You need a side of salmon, a lemon and some salt. That’s it. You could try curing first but in my view it only serves to dry out the fish and the end product is less succulent. You don’t need to do anything with salmon side, if it has already been properly filleted. Lay it skin side down on the board. I use 8 nails normally, two at both ends and 4 spread out across the middle. Don’t bang the nails in too far as they are a pain to remove after if you want to take them off before serving.

Once the salmon is attached to the board, season liberally with sea salt, you want to place it next to the fire. Now this is going to vary depending on your set up. Some improvisation may be required. Ideally you want the board to be around 20cm from the outside of the fire. You want flames too, and smoke. This will help the fire reach higher up the board. I place the fatter end of the salmon downwards to start with and once you can see the colour of the fish changing you can then flip the board around to focus on the other end of the fish. Once the fish is taking on a good colouring all over I like to squeeze over the juice of half a lemon. For me this is all about touching and feeling the flesh of the fish to determine when it’s done. I’m looking for quite a hard texture. I also like to spot areas where the skin is peeling away. It’s really tricky to give it timings as your set up, the weather and the size of fish may all vary. Once you think it’s right take it off and rest.
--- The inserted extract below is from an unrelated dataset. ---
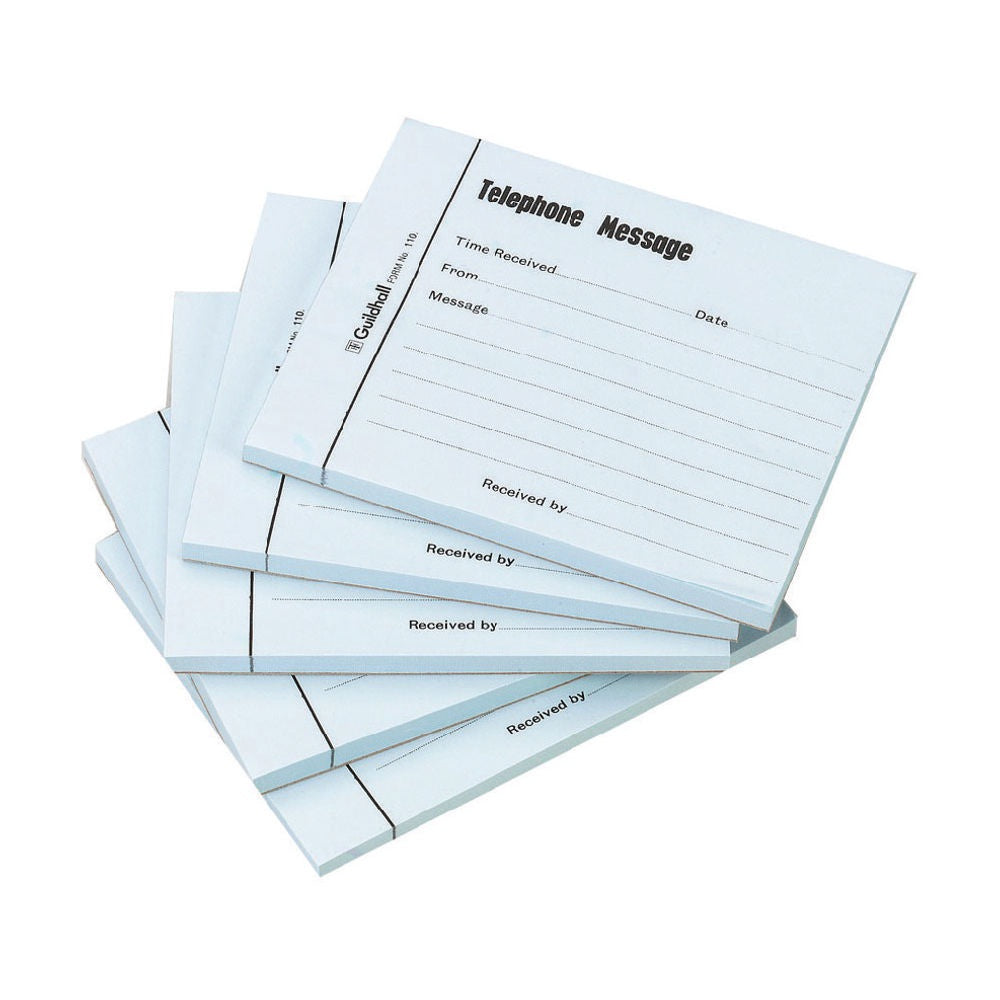 Guildhall Telephone Message Pad 100lf Blue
Now you can serve straight away warm, on the board itself makes it a show stopper. But if you need to do it in advance, you can portion it, refrigerate (3-4 days) and when you want to serve it bring to room temperature but do not reheat or you will dry it out.

We love to make fresh mayo with herbs including dill and parsley. That’s a must! Roasted beets or a tangy fennel salad. You don’t need to do too much as the salmon needs to be the star of the show.